As a Skowhegan native who relocated to Mount Desert Island, I was delighted to see my home town featured in a special advertising section and appreciated most of the copy in Jasmine Haines’ “6 Great Things” article. But how can she write about the Skowhegan Indian without mentioning its sculptor, Bernard “Blackie” Langlais?
Langlais had married Skowhegan native Helen Friend and was commissioned to create the piece, which he did in Cushing. It arrived by flatbed truck in the summer of 1969. That “community effort” to restore it was spearheaded by local builder and craftsman Steve Dionne. With more research, this article would have been able to recognize these important, creative people.
Another Trump lie?
I was listening to a President Donald Trump interview over the weekend. He said they’ve already started to build the wall — big parts, it’s going to be beautiful — with money they had on hand. So what I’d like to know is, why was there a shutdown? Or is that another lie?

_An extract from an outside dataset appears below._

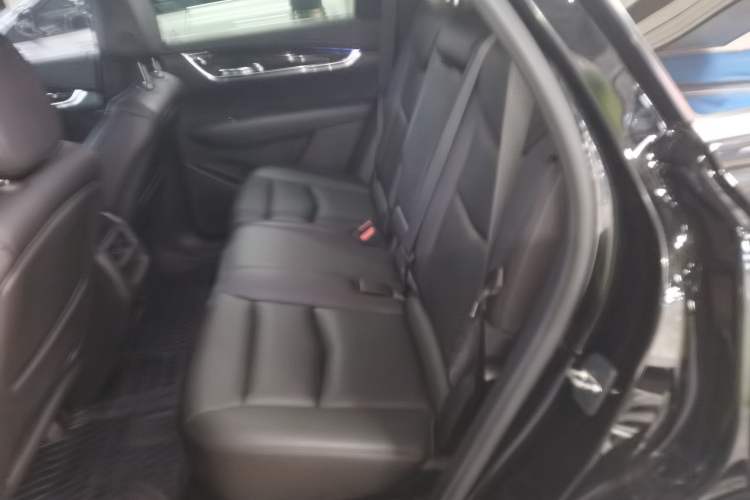 Used Cadillac XT5 2018 28E Four-Wheel Drive Tech Version Left Rear Seat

Last week, he didn’t agree with his own Intelligence officers. He told them to go back to school. That was similar to a previous statement of don’t believe what you see or hear. It was a congressional hearing on live TV.
No to NECEC
On behalf of the Say NO to NECEC effort, I would like to remind our public advocate and other Public Utility Commission intervenors that there is no amount of short-term money worth the permanent destruction to the one of the last contiguous forests in the world. Maine’s brand, recreational tourism, native brook trout habitat, and way of life should not be discarded for an elective transmission upgrade that will not improve reliability for Maine’s ratepayers.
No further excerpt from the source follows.